漁港の肉子ちゃん(西加奈子)の表紙と内容が全然違っていた

 直木賞作家・西加奈子の『漁港の肉子ちゃん』

 

 タイトル、そして、表紙になっているイラストからは、少々、いろっぽい内容を想像しますよねぇ。

 

もしかしたら、この表紙を見ただけで、買うのをためらった人がいるかもしれませんが、内容は全然違って、冒頭から「これは、ギャグ小説なのか?」といったオモシロいお話が続いていくのです。

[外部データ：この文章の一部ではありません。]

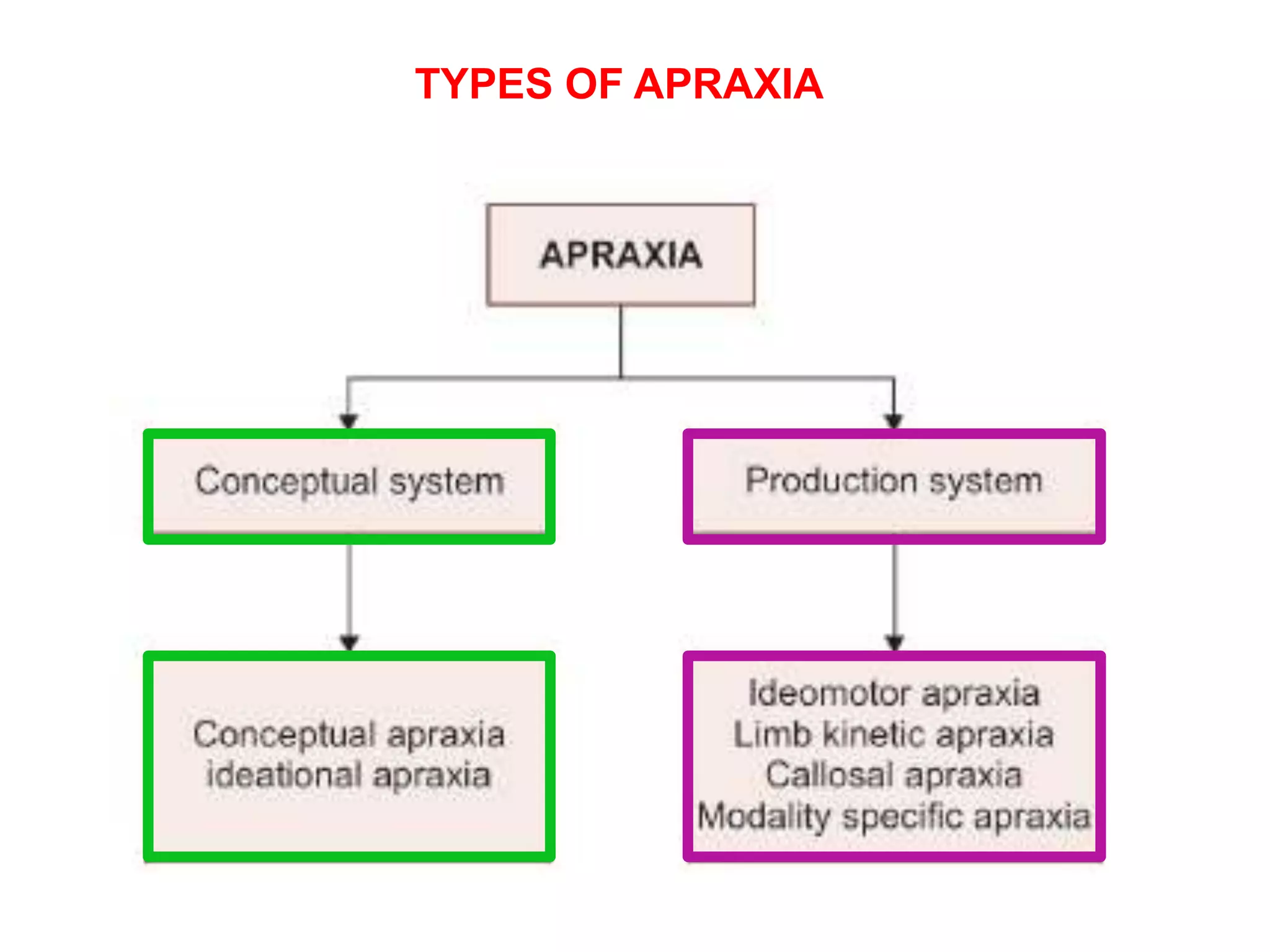 TYPES OF APRAXIA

(多少のイロコイ話もなくはないですが・・・、ほとんどギャグテイストで書かれています)

 

ちなみに、イラストは著者である西加奈子さん、ご本人によるものだそうです。

 

漁港の肉子ちゃん [ 西加奈子 ]

 

『漁港の肉子ちゃん』の主人公は、小学生の女の子「喜久子ちゃん」と、その母親で漁港にある焼肉屋で働く「肉子ちゃん」こと「菊子ちゃん」。

 

母親の「菊子ちゃん」、大阪弁バリバリの底抜けに明るく、お人よしのオバサン。

だけど、おっちょこちょいのところが多々あって、実に笑わせてくれるのです。

 

一方、娘の「喜久子ちゃん」は、小学生ながら、ほんとうに良くできた子ども、お母さんのことを気遣い、しっかりと生きています。

 

話は、ドタバタした事件が続いていくのですか、これが面白い!実に面白いのですよ。

「肉子ちゃん」の話し方、動作、反応・・・、いかにも大阪にいそうなおばちゃんといった感じで、読んでいて、ついニヤニヤっとしてしまいます。

 

いろんなエピソードをおもしろおかしく読み進めていると、途中で「???」と思わせるところが出てきます。

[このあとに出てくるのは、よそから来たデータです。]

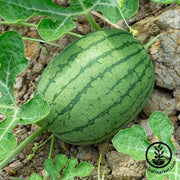 Watermelon Seeds - Florida Giant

やがて、その疑問が解けるころには、ボロボロと大粒の涙を流していること請け合いです。

 

ふつうに考えれば、この肉子ちゃん、とんでもなく「おバカ」なことをしでかしております。

そして、悲壮感たっぷりで当たり前なのに、それを全く感じさせないのは、やはり「肉子ちゃん」の明るいキャラクターによるところが大きいのでしょう。

 

家族というもの、そして、人が生きるということを、強く考えさせられる一冊。

漁港の肉子ちゃん 」、おすすめします。